→ **WHAT THIS TASK INVOLVES**:
Pictures are to be left out, and only the lines below starting at the one with "FABTEC Car Cover" and ending at the one with "Evergreen Grace Dress" are to be reproduced, each exactly, both ends included.

→ **RECORDED INFORMATION**:
● ● ●

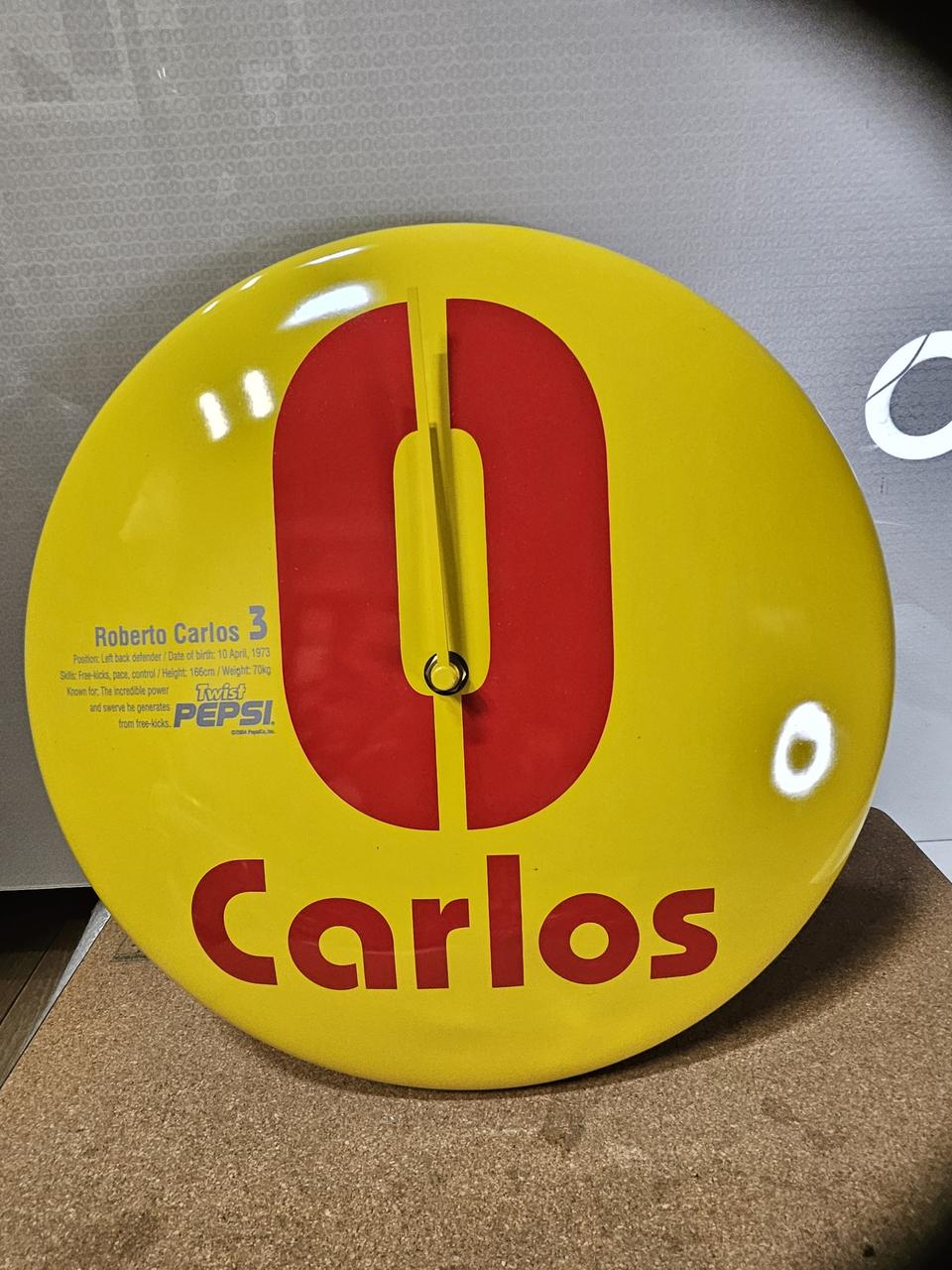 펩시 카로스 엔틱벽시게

● ● ●

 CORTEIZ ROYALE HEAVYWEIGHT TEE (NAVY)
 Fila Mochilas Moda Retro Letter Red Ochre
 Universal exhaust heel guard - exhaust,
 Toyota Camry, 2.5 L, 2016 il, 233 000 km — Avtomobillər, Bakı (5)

● ● ●

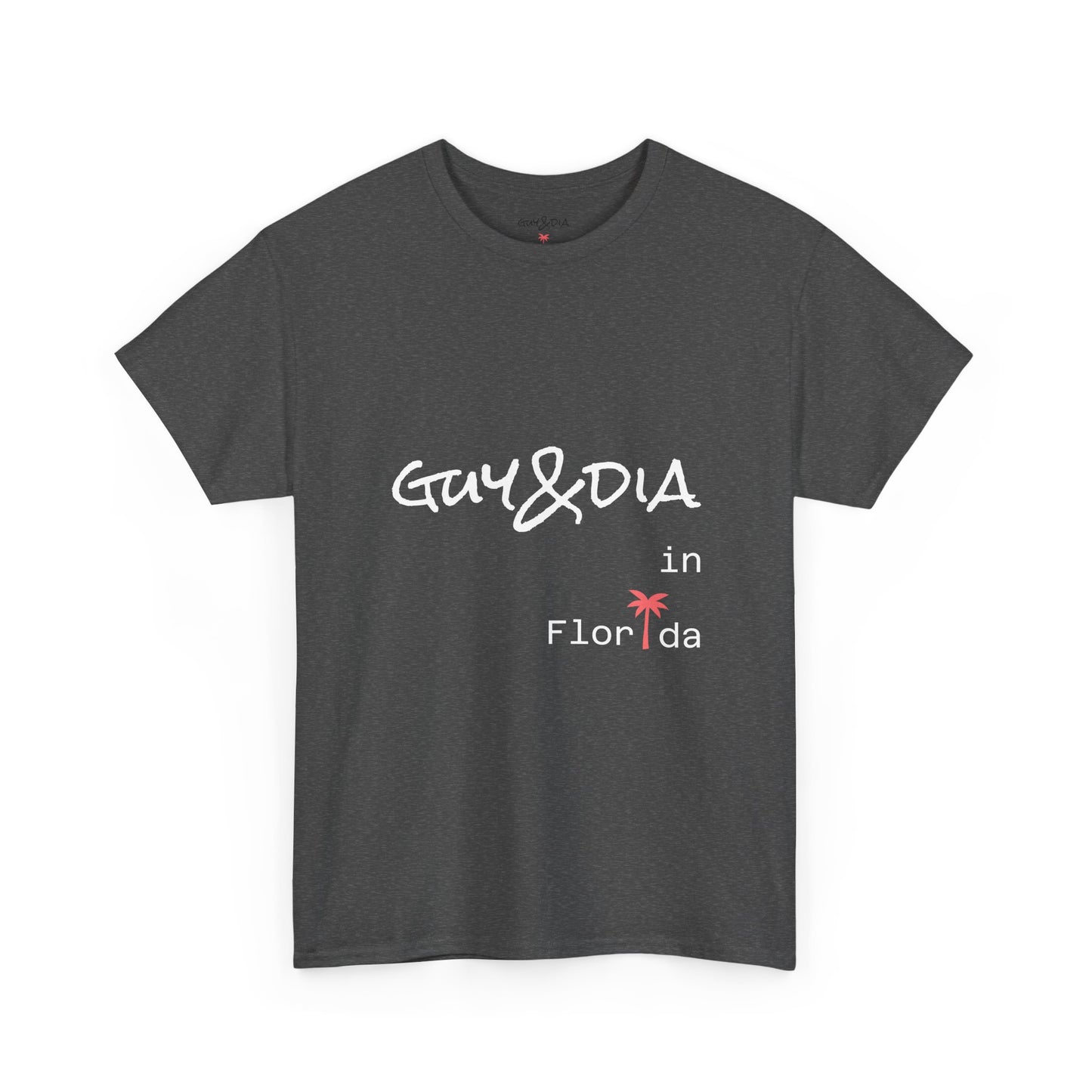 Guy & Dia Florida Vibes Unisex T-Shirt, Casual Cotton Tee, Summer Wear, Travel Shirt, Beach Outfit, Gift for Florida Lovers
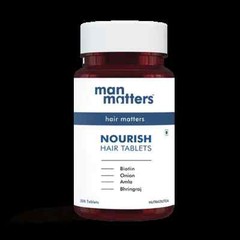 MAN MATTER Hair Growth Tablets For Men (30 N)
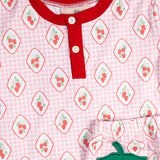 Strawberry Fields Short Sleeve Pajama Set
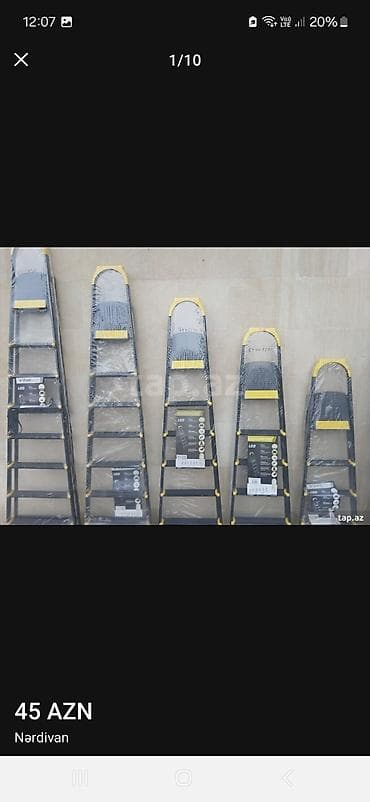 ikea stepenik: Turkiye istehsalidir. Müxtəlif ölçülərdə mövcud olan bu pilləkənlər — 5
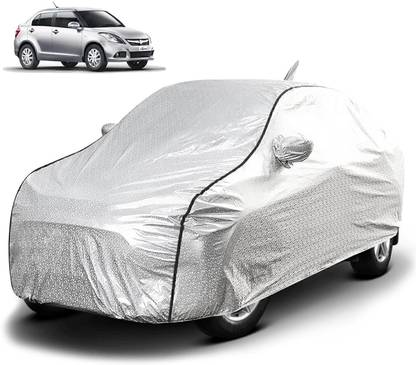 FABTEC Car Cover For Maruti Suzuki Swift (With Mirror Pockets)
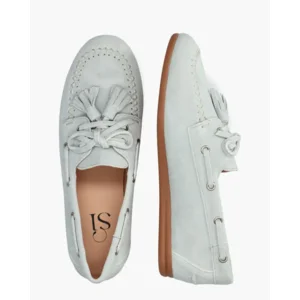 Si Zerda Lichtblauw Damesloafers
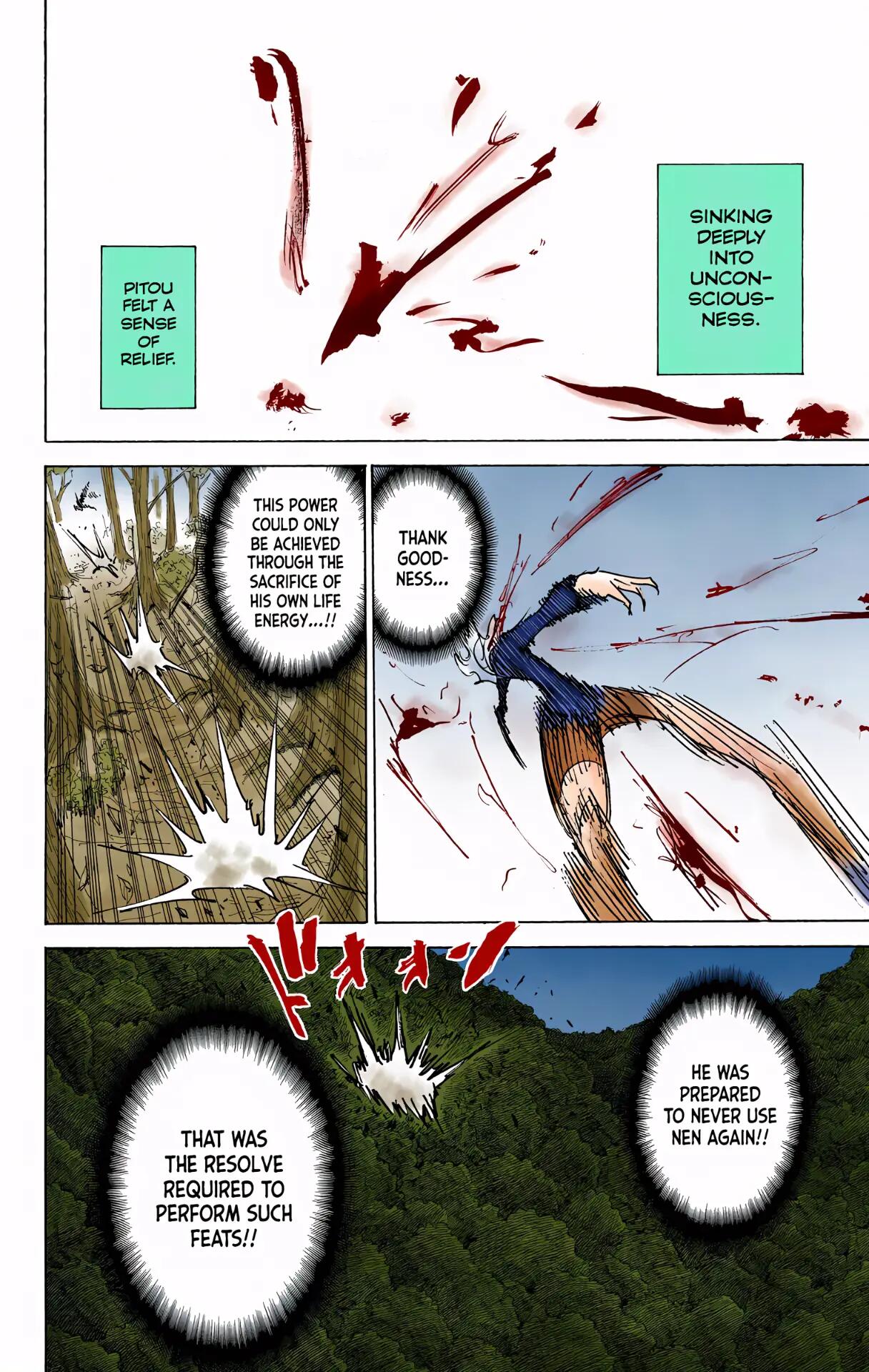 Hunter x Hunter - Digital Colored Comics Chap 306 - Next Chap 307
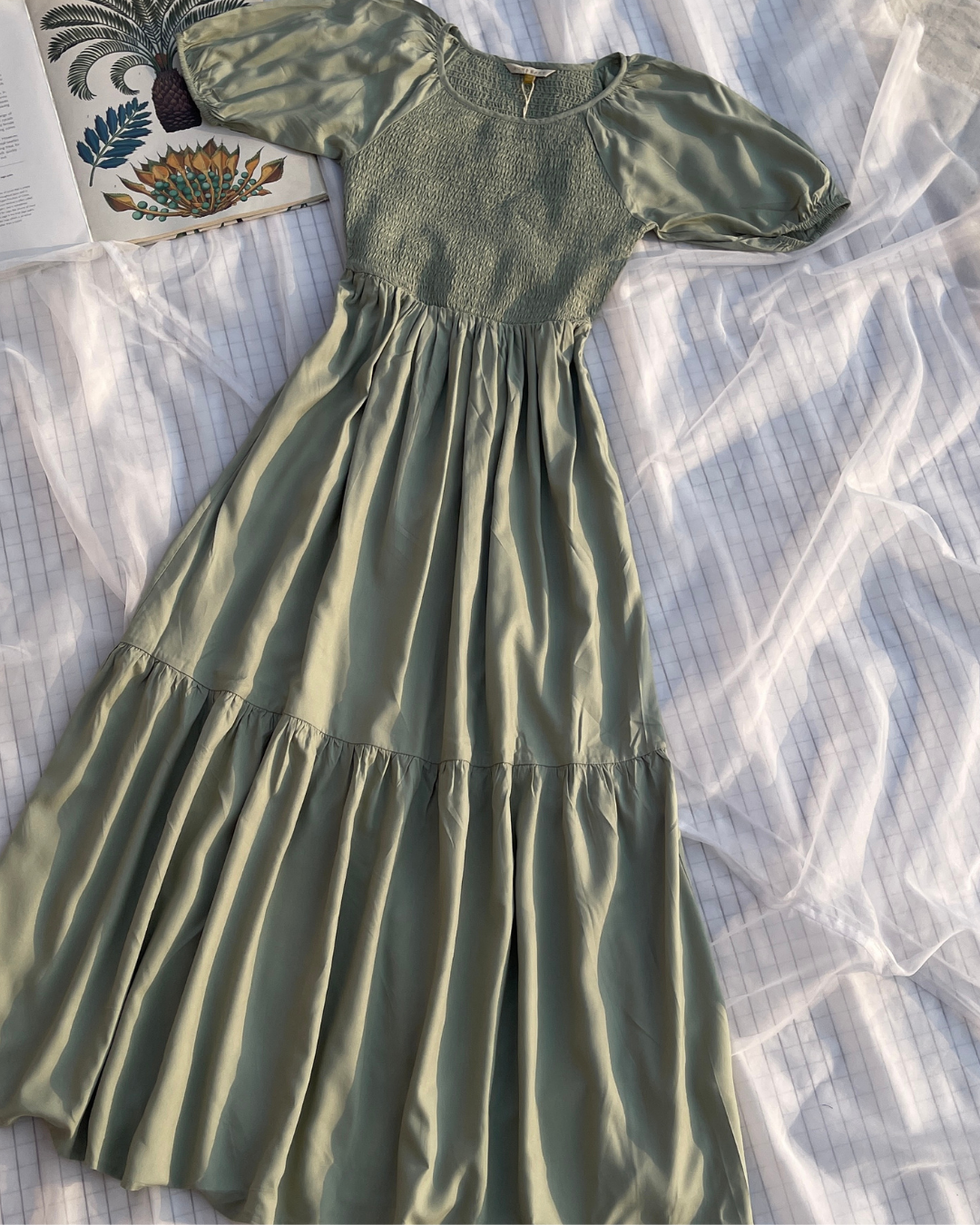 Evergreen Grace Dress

● ● ●

→ **ANSWER BOX**:
 FABTEC Car Cover For Maruti Suzuki Swift (With Mirror Pockets)
 Si Zerda Lichtblauw Damesloafers
 Hunter x Hunter - Digital Colored Comics Chap 306 - Next Chap 307
 Evergreen Grace Dress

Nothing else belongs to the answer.